With the pictures omitted, print exactly the lines below, from the one containing "Apartamento t3 novo – candal – v.n de gaia" through the one containing "Gisela Schrör (links)", and nothing else.

Supplied material |
○ ○ ○

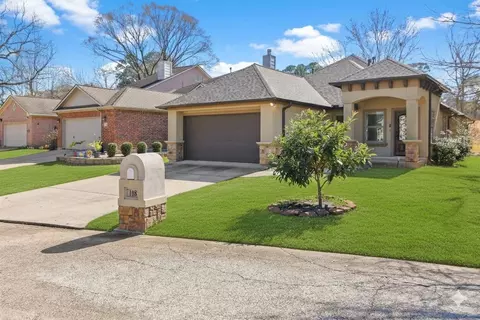 108 Harbour Town Dr, Montgomery, TX 77356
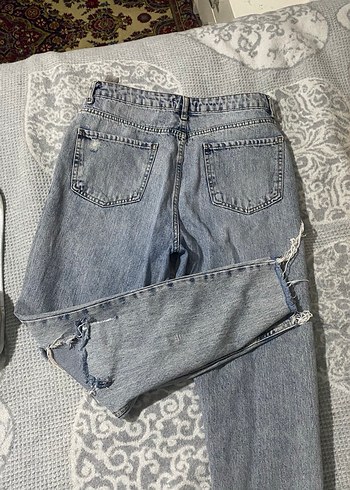38 Beden milla yırtık pantolon
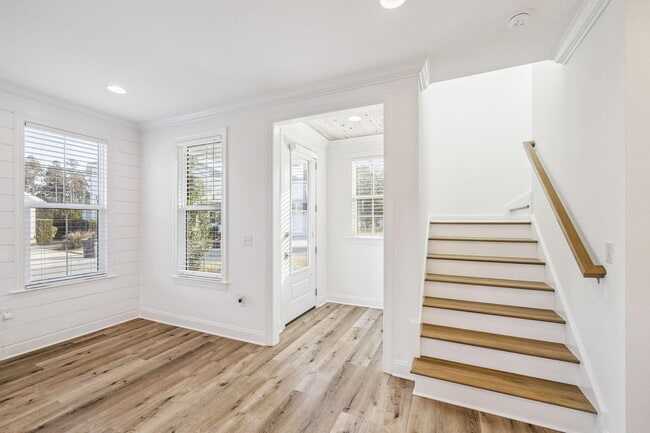 Building Photo - 250 Windrow Way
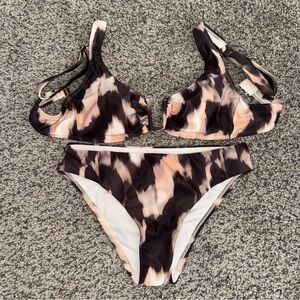 NWOT Junior’s / Women’s Abstract Print Bikini Set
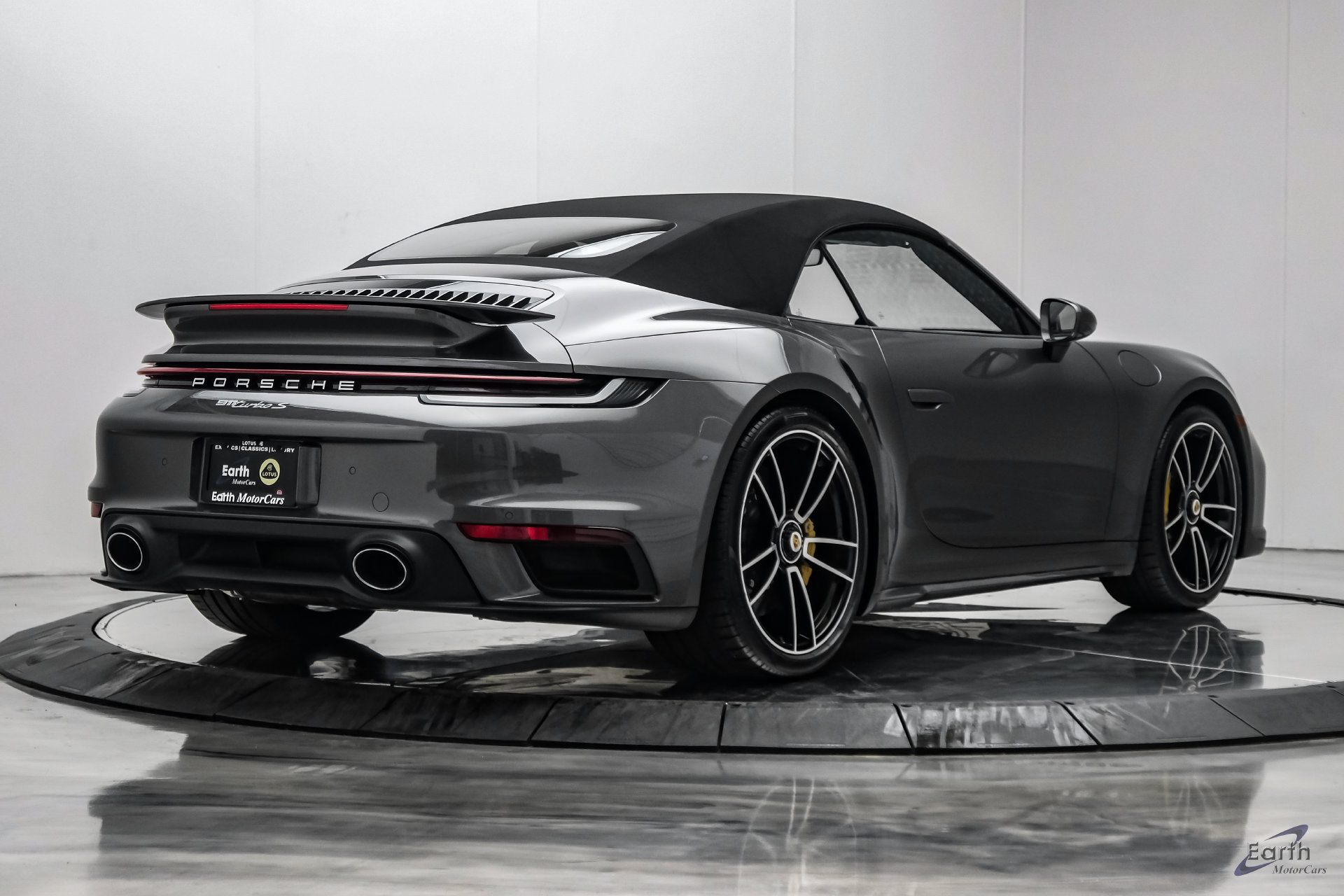 Used 2024 Porsche 911 Turbo S AWD/4WD image 22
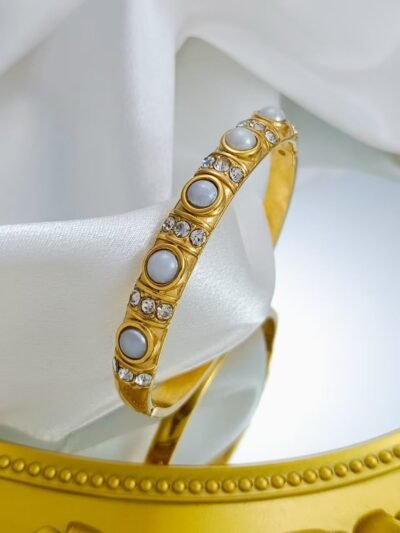 Luxury Pearl Handcuff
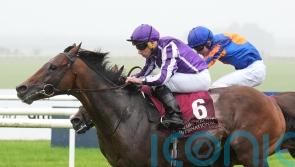 London towers over Curragh Cup rivals late in the day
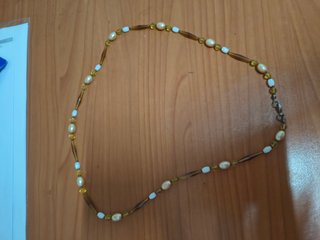 Collar de perlas y cuentas doradas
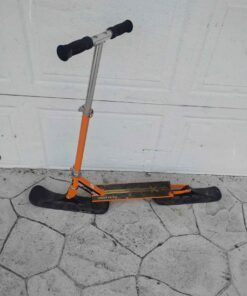Snow scooter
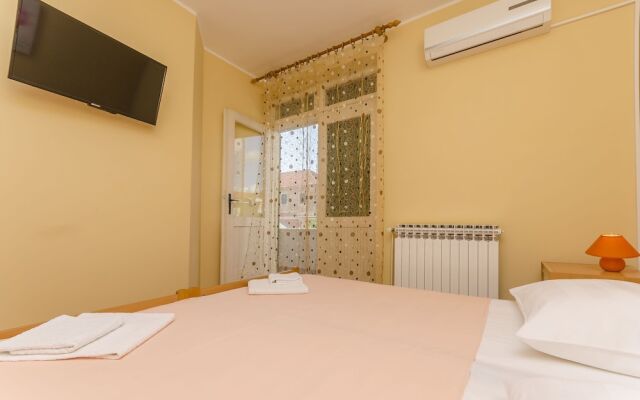 Rooms Summer Chill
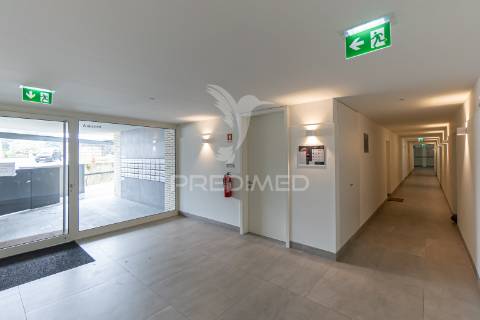 Apartamento t3 novo – candal – v.n de gaia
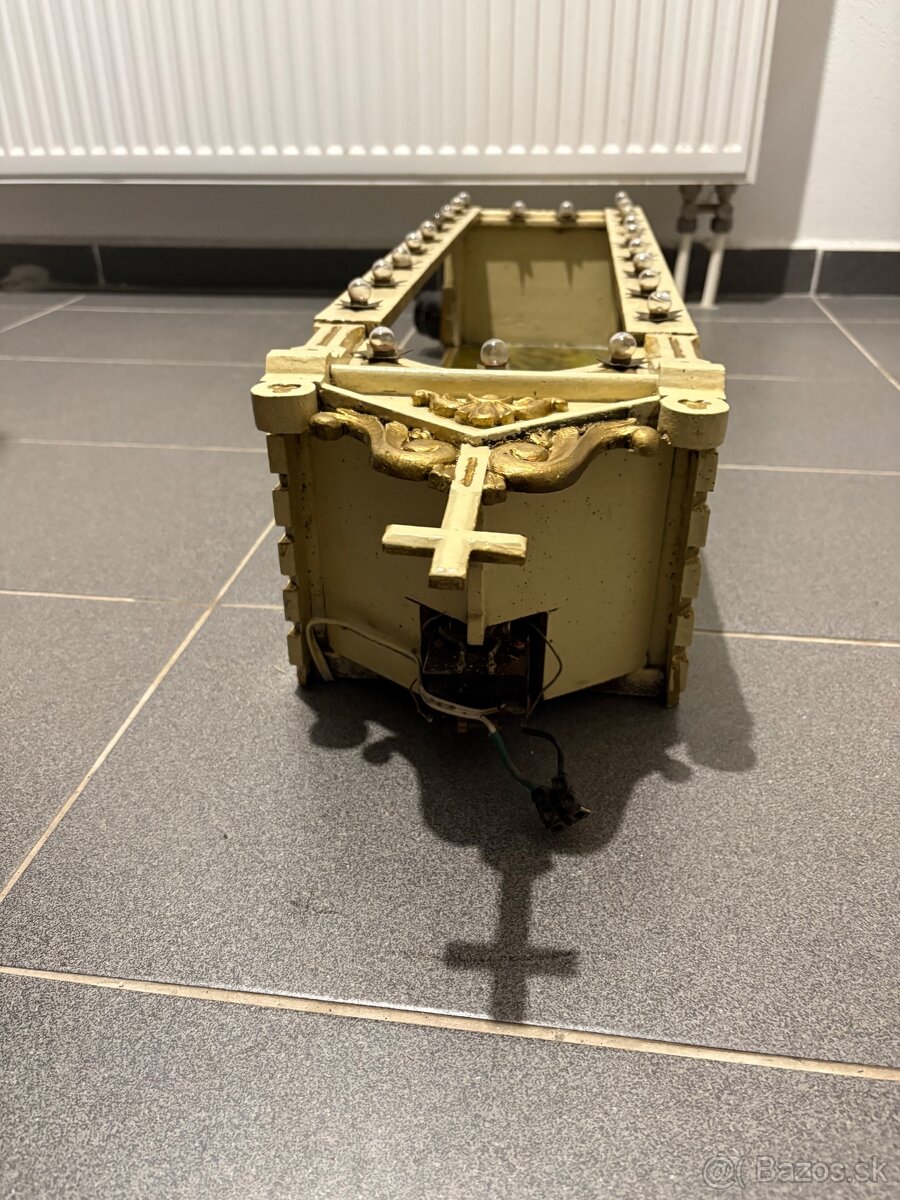 Predám starú drevenú kaplnku - 19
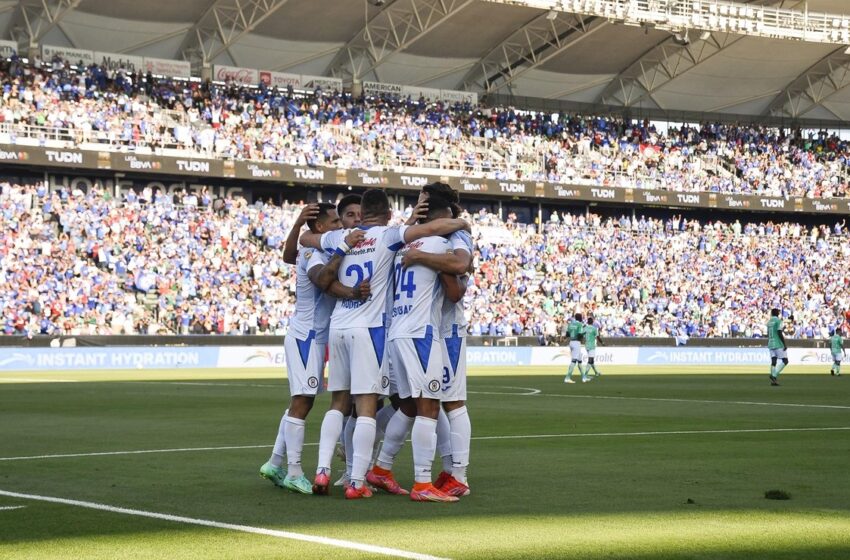  Cruz Azul sigue imparable y se lleva el Campeón de Campeones ante León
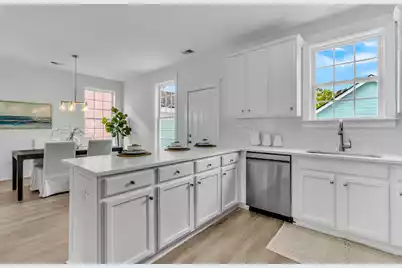 204 Hydrangea Street, Summerville, SC 29483 - Photo 10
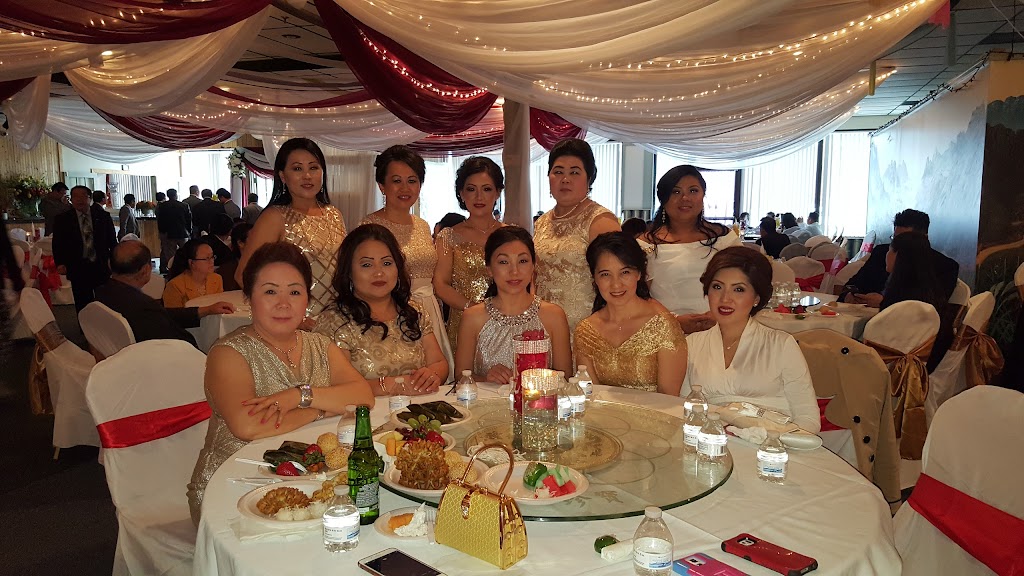 Hmong House | restaurant | 2112 11th Ave, North St Paul, MN 55109, USA | 6517972448 OR +1 651-797-2448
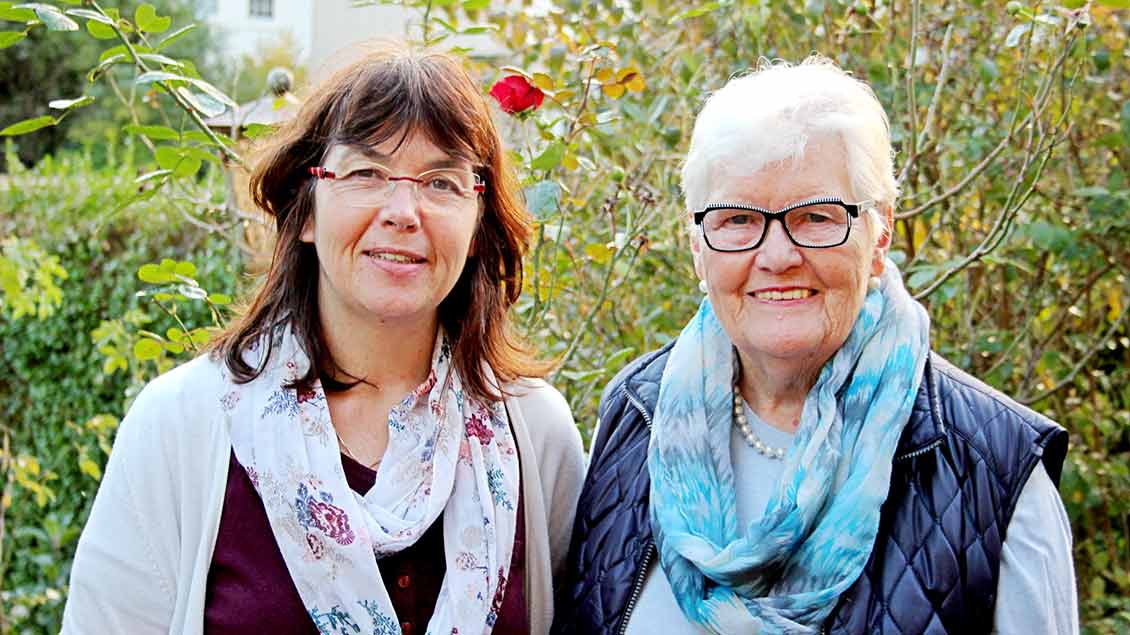 Gisela Schrör (links) und Marianne Floer engagieren sich seit vielen Jahren in der Gemeinde St. Marien in Lohberg. | Foto: Johannes Bernard
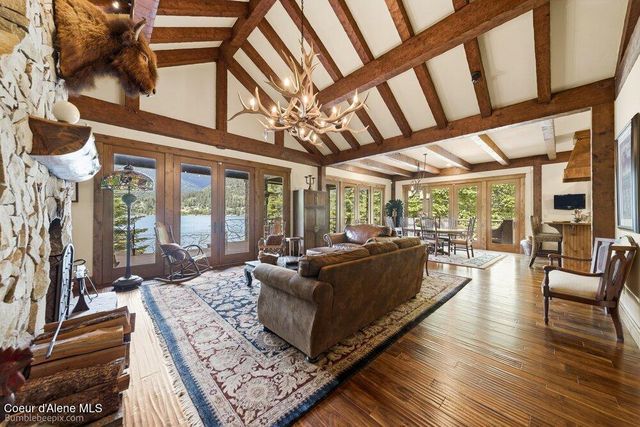 55 La Vita Bella Lane, Hope, ID 83836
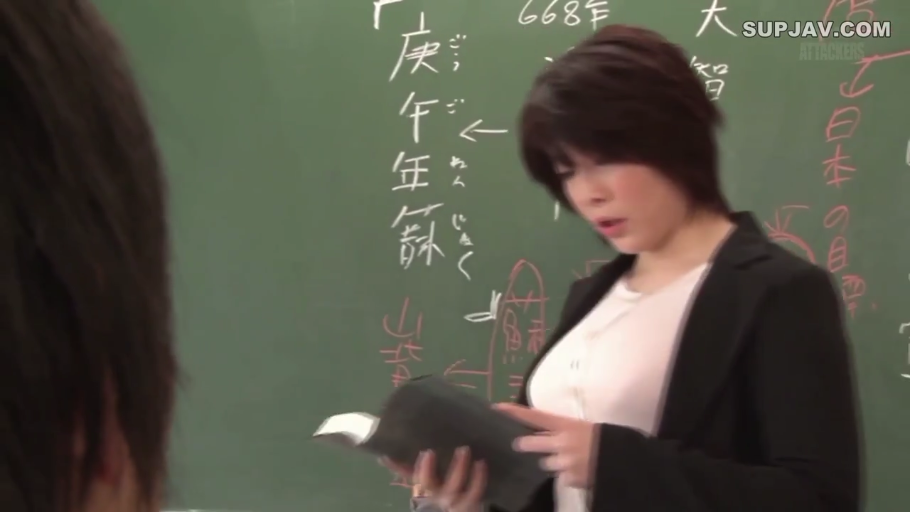 教室 · 专注 · 中景 · 站姿 · 职业装 · 书本 · 教师 · 讲课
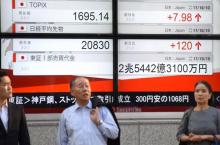 Un panneeau d'affichage de la Bourse de Tokyo montrant une hausse de l'indice Topix le 10 octobre 20
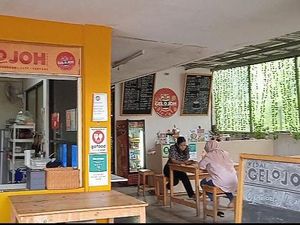 Kedai Gelojoh: Nasi Goreng Maghribi dan Kambing Zaitun Nikmat di Kedai Favorit Joko Anwar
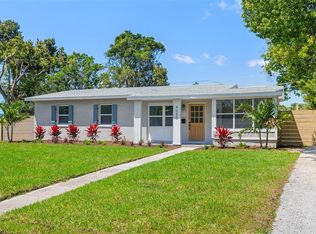 4085 Neptune Dr SE, Saint Petersburg, FL 33705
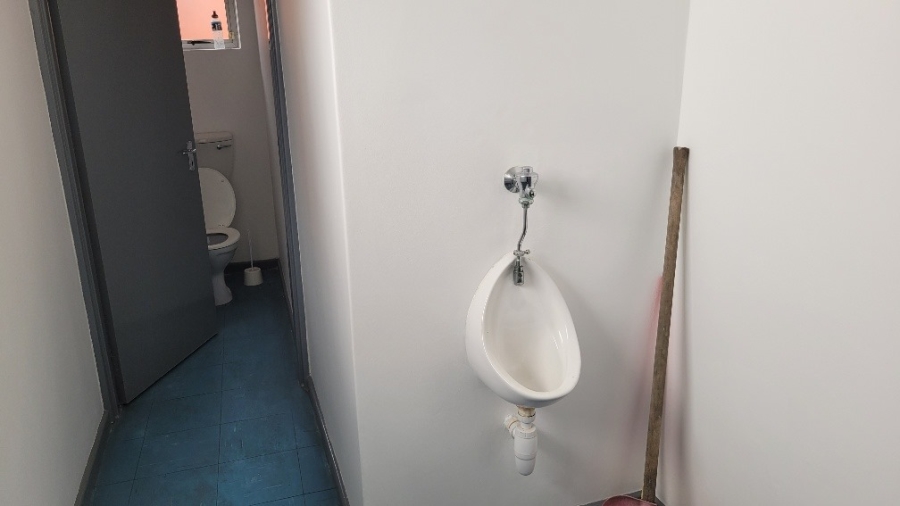 Commercial Property for Sale in Airport Industria Western Cape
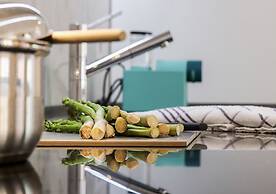 JOIVY Polished 1BR Apt, close by Avenida da Liberdade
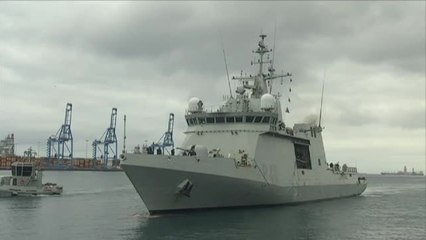 El Gobierno pide "contención" a Podemos sobre el envío de tropas al Mar Negro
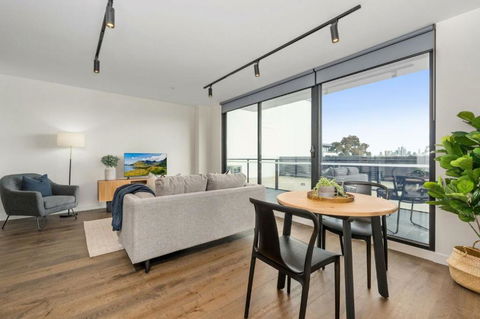 Modern Brunswick - Holiday Adelaide 0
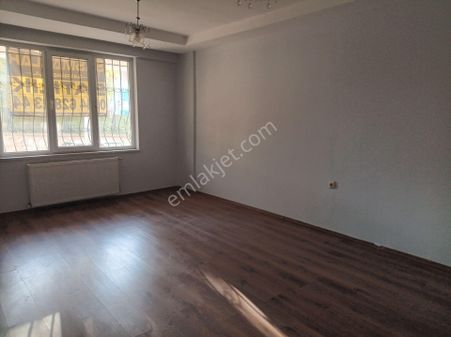 Berat Atabey Emlaktan Zafer Mahallesinde 2+1 Satılık Daire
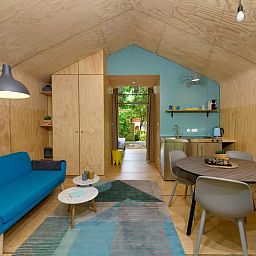 Stilvolles Wohnzimmer eines Ferienhauses in Apeldoorn, ideal fuer einen entspannten Aufenthalt in der Veluwe.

○ ○ ○

Response box |
 Apartamento t3 novo – candal – v.n de gaia
 Predám starú drevenú kaplnku - 19
  Cruz Azul sigue imparable y se lleva el Campeón de Campeones ante León
 204 Hydrangea Street, Summerville, SC 29483 - Photo 10
 Hmong House | restaurant | 2112 11th Ave, North St Paul, MN 55109, USA | 6517972448 OR +1 651-797-2448
 Gisela Schrör (links) und Marianne Floer engagieren sich seit vielen Jahren in der Gemeinde St. Marien in Lohberg. | Foto: Johannes Bernard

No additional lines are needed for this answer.